El viaje a través del firmamento terminó cuando la nave de Glacerya atravesó las densas corrientes ígneas que rodeaban al planeta Ignis. El calor se sentía incluso a través de los cristales blindados: un mundo de volcanes activos, ríos de lava y cielos teñidos de rojo anaranjado. Para cualquiera hubiera sido una visión aterradora, pero para Aysha, era el umbral de una esperanza incierta.
En cuanto la nave aterrizó en las plataformas ardientes del palacio real, una escolta de guardias con armaduras de bronce incandescente la recibió con reverencia, inclinando la cabeza en señal de respeto. Sus lanzas llameaban con energía viva, como si cada arma respirara el calor del planeta.
—Bienvenida, reina de Glacerya —dijo uno de los capitanes, conduciéndola con paso solemne—. La reina Aenara la espera.
El interior del castillo era un contraste de grandeza y fuego perpetuo. Columnas de obsidiana, muros bañados en cristal volcánico, antorchas que nunca se apagaban. Aysha avanzaba despacio, sintiendo cómo cada paso la alejaba más de su tierra… y más cerca de un destino compartido.
Al final de un corredor, las puertas se abrieron como si respiraran fuego. Allí, en medio del salón del trono, estaba Aenara, erguida con un vestido de tonos carmesí y dorados, el cabello largo como cascada ígnea. Cuando sus miradas se encontraron, el recuerdo de la última batalla, luchando codo a codo contra Tharion, se impuso sobre cualquier protocolo.
—Aysha… —susurró Aenara con una sonrisa cálida, extendiendo sus brazos.
Ambas reinas se abrazaron. Fue un gesto breve, pero cargado de una hermandad nacida en la guerra.

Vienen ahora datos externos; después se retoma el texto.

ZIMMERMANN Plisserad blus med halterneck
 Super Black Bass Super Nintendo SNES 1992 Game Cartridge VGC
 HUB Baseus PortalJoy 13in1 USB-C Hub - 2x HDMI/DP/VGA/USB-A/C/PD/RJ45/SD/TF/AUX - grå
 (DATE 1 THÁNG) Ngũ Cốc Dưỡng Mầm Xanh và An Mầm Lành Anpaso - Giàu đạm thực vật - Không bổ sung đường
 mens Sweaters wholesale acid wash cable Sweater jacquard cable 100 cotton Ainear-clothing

—Han pasado meses, pero parece que fue ayer —dijo Aysha, apenas conteniendo la emoción.
—Así es —respondió Aenara—. Juntas sobrevivimos a Tharion, y juntas honraremos lo que se perdió.
Las dos caminaron por los pasillos del castillo, conversando sobre la reconstrucción, sobre las heridas que aún sangraban en sus pueblos, sobre la fragilidad de la paz. El fuego que iluminaba cada estancia parecía escuchar, como testigo silencioso de un futuro incierto.
Finalmente, Aenara se detuvo en un jardín interno rodeado de rocas volcánicas. En el centro, había una lápida de obsidiana negra, sobre la que se leía un solo nombre:
AERIS
Ambas guardaron silencio. Aysha inclinó la cabeza, y sus manos temblaron al recordar al aliado que había dado su vida en aquella última batalla.
—Aeris fue más que un guerrero —dijo Aenara con voz grave—. Fue la chispa que mantuvo viva la esperanza cuando todo parecía perdido.
—Y su sacrificio nos permitió seguir de pie —respondió Aysha, colocando sobre la lápida un cristal de hielo puro que había traído desde Glacerya—. Que su memoria nunca se extinga.
El calor del fuego y la pureza del hielo se unieron sobre la tumba, brillando con una armonía imposible. Fue un instante sagrado, como si Aeris aún estuviera allí, acompañándolas en espíritu.
Aysha cerró los ojos y respiró profundamente. La verdadera misión apenas comenzaba.